[DATA FOR PROCESSING Boundary: Start]

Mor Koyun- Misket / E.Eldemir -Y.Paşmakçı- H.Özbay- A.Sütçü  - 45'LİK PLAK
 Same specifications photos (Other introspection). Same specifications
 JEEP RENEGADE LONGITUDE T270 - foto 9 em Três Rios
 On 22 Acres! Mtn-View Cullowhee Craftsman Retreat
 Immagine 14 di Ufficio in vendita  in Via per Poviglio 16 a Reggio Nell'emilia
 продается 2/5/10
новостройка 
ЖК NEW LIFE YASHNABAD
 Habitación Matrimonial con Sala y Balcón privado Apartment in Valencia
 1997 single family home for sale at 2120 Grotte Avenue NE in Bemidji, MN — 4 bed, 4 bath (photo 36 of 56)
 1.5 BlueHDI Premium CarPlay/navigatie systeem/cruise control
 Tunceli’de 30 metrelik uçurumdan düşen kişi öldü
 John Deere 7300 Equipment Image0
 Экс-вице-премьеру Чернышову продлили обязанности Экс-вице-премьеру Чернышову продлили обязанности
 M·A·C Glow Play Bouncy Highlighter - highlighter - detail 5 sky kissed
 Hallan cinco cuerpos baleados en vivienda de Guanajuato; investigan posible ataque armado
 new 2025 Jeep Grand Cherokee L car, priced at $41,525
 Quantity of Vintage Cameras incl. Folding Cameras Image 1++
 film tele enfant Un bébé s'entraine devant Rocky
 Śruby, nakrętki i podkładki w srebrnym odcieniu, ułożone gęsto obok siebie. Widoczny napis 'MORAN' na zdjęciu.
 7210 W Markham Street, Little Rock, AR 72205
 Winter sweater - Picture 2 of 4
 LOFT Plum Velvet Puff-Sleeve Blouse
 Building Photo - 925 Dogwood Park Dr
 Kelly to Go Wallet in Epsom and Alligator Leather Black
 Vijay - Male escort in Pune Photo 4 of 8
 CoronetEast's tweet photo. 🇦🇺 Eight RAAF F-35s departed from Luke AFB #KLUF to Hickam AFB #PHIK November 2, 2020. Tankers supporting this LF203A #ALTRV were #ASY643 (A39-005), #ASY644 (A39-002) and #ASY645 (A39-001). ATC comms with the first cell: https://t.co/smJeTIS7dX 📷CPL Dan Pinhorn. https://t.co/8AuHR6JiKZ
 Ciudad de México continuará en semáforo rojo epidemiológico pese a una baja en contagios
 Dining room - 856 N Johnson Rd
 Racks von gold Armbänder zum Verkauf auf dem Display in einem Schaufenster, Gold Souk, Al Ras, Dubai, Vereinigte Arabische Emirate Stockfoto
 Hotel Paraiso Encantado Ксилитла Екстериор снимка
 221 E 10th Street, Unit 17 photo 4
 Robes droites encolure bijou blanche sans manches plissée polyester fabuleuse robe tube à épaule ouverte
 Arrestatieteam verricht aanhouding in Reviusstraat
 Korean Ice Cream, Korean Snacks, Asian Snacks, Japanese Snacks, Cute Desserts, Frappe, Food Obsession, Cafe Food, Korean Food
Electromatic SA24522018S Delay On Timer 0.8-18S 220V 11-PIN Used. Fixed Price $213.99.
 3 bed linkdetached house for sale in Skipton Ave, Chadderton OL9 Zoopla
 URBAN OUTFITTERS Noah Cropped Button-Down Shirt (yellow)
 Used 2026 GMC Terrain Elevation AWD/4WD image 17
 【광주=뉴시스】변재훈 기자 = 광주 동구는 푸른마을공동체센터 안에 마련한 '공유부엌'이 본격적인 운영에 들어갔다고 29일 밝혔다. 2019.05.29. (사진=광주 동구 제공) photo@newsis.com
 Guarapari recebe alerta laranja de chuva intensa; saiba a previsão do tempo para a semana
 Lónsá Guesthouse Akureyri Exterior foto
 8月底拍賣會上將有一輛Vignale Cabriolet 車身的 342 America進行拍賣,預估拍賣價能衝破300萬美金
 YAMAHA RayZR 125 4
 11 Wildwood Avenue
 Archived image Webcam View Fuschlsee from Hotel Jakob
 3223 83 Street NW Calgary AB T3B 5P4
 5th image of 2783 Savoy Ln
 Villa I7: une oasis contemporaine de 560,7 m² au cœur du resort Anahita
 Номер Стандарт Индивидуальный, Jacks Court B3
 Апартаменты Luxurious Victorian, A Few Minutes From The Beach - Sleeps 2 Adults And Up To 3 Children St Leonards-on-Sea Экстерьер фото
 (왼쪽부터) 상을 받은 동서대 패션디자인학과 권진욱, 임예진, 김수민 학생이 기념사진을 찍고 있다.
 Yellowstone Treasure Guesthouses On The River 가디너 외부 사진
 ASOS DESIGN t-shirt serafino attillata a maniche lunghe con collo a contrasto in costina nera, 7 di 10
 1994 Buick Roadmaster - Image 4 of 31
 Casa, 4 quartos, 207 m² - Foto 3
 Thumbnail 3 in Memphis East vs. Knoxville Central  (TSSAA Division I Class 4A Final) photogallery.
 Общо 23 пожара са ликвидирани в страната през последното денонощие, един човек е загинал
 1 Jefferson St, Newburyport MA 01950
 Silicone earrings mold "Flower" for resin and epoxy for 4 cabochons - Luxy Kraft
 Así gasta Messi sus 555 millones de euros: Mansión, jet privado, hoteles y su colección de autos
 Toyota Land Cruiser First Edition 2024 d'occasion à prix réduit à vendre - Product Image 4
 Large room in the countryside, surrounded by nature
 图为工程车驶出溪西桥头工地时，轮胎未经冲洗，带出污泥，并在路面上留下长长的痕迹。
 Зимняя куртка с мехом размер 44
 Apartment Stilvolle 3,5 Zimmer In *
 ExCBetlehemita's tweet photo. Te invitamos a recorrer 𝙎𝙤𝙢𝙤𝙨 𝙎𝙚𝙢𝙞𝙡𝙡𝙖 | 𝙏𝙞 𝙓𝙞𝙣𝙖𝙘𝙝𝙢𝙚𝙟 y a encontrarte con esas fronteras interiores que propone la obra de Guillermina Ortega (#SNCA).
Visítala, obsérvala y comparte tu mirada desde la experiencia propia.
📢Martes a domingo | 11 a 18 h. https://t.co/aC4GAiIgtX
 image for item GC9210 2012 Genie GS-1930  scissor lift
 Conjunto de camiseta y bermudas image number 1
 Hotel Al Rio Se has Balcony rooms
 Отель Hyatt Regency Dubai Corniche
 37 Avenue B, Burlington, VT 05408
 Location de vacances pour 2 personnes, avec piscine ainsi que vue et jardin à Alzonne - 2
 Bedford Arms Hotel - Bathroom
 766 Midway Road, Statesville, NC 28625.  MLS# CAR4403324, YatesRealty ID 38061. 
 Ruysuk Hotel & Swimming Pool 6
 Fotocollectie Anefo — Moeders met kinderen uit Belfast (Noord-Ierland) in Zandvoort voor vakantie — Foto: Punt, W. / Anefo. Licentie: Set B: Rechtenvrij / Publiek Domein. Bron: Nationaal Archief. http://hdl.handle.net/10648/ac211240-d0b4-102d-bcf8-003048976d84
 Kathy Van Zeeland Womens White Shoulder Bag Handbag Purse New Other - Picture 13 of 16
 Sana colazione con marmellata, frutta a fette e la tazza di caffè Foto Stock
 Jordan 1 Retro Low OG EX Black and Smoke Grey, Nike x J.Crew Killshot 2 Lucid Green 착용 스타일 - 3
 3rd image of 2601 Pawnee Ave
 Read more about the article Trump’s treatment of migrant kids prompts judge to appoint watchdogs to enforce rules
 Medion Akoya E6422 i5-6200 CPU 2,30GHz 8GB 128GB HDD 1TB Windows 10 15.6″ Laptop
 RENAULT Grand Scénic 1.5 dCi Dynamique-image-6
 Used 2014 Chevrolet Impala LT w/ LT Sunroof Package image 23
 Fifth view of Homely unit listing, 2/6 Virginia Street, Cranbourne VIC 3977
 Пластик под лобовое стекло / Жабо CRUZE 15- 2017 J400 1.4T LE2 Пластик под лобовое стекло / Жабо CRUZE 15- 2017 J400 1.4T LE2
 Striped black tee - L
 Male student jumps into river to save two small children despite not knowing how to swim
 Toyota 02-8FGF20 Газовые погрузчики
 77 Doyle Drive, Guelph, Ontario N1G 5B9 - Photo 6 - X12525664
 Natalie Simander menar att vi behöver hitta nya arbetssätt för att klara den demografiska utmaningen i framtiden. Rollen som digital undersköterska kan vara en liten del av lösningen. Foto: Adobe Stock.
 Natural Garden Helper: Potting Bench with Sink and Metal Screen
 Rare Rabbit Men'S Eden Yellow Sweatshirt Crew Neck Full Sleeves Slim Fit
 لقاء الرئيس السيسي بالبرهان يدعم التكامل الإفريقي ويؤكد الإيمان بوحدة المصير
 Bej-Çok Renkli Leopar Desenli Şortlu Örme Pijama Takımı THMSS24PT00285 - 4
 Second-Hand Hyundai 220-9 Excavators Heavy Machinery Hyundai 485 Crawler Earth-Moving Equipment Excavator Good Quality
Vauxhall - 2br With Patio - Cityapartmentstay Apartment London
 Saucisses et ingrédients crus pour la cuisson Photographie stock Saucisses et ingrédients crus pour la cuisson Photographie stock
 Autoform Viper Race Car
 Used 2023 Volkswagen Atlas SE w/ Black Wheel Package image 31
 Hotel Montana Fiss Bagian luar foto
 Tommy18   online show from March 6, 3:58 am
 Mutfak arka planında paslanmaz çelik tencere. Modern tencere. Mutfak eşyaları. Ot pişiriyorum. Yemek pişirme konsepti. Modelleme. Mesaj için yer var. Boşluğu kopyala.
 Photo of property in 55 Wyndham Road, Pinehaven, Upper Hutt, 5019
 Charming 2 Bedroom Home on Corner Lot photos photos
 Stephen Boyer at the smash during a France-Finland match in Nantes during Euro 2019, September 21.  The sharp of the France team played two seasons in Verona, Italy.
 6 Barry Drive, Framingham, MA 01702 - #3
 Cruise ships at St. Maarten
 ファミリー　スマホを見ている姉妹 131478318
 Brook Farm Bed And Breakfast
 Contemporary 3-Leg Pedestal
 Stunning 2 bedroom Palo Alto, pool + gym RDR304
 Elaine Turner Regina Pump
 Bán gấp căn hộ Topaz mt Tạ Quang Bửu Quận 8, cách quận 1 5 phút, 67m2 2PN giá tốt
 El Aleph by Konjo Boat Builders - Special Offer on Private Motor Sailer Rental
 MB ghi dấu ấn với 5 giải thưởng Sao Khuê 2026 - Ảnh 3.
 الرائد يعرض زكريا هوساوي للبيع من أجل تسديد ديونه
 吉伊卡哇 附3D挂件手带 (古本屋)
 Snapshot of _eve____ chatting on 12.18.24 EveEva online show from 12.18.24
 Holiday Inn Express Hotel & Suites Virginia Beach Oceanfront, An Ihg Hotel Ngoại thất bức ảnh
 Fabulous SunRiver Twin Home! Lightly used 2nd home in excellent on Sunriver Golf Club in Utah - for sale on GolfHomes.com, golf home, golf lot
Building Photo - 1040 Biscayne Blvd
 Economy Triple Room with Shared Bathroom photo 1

[DATA FOR PROCESSING Boundary: End]

- [WHAT THE EXERCISE ASKS]:
Reproduce exactly the lines of the records above from the one with "Second-Hand Hyundai 220-9" to the one with "Used 2023 Volkswagen", both included, and leave out everything else.

- [ANSWER TO THIS PROBLEM]:
 Second-Hand Hyundai 220-9 Excavators Heavy Machinery Hyundai 485 Crawler Earth-Moving Equipment Excavator Good Quality
Vauxhall - 2br With Patio - Cityapartmentstay Apartment London
 Saucisses et ingrédients crus pour la cuisson Photographie stock Saucisses et ingrédients crus pour la cuisson Photographie stock
 Autoform Viper Race Car
 Used 2023 Volkswagen Atlas SE w/ Black Wheel Package image 31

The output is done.